As highlighted in our Halloween blog, the delicate and complex orchid flowers rarely retain their structure after being pressed and dried to become herbarium specimens.
Vanilla orchids tend to be especially delicate and have the tendency to dry from dark brown to black. The lip (the distinct-looking petal in orchid flowers) of many vanilla orchids has intricate ornamentations, including delicate folds and hairs.
For these reasons, illustrations are frequently included in or associated with herbarium specimens. These illustrations allow botanists to more easily analyse the specimens and provide our Digitisation Officers with a sneak peek into these flowers in real life. Despite their beauty, the illustrations can greatly increase the complexity and time necessary to digitise a single specimen.
The cherry on top
The digitisation of vanilla orchids and other ‘spicy orchids’ provide our team with an interesting opportunity to reflect on the importance of our job. Orchids are commonly thought of as ornamental plants, but Vanilla reminds us of their often overlooked potential and the importance of traditional knowledge.

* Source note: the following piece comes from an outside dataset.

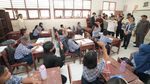 Kasatgas PRR Apresiasi Pemulihan SMP Negeri 1 Tukka melalui Swakelola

Aside from acting as a virtual copy of the specimens housed at the Kew Herbarium, making this data widely and publicly available allows us to revisit our knowledge and understanding of our collection and the plants it holds.
We hope that, as we move forward, we continue to uncover exciting and unexpectedly sweet histories.
Hope you enjoy British Pudding Day with a rich serving of vanilla custard!